> ACTIVITY:
Transcribe the whole listing below without changing a word, but leave out every image.

> PROVIDED MATERIAL:
============

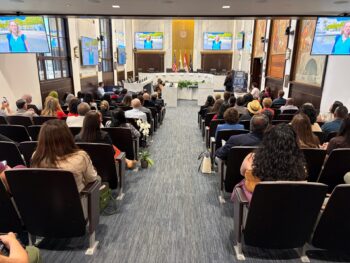 Audience from behind looking to speakers at the front of the room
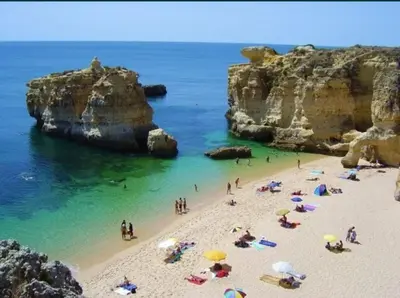 a group of people on a beach with umbrellas at Casa Azul in Albufeira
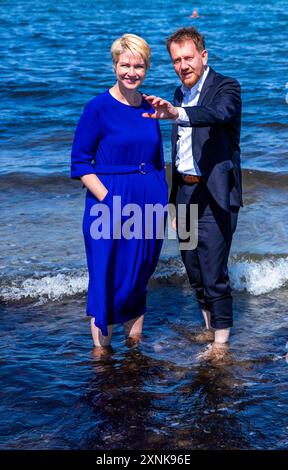 Rostock, Germania. 1 agosto 2024. Manuela Schwesig (SPD), Ministro Presidente del Meclemburgo-Pomerania occidentale, e il suo omologo sassone Michael Kretschmer (CDU) si trovano sulla spiaggia nelle acque del Mar Baltico. I due governi statali firmano un accordo per migliorare la cooperazione nel settore del turismo. Crediti: Jens Büttner/dpa/Alamy Live News Foto Stock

============

> EXERCISE RESULT:
 Audience from behind looking to speakers at the front of the room
 a group of people on a beach with umbrellas at Casa Azul in Albufeira
 Rostock, Germania. 1 agosto 2024. Manuela Schwesig (SPD), Ministro Presidente del Meclemburgo-Pomerania occidentale, e il suo omologo sassone Michael Kretschmer (CDU) si trovano sulla spiaggia nelle acque del Mar Baltico. I due governi statali firmano un accordo per migliorare la cooperazione nel settore del turismo. Crediti: Jens Büttner/dpa/Alamy Live News Foto Stock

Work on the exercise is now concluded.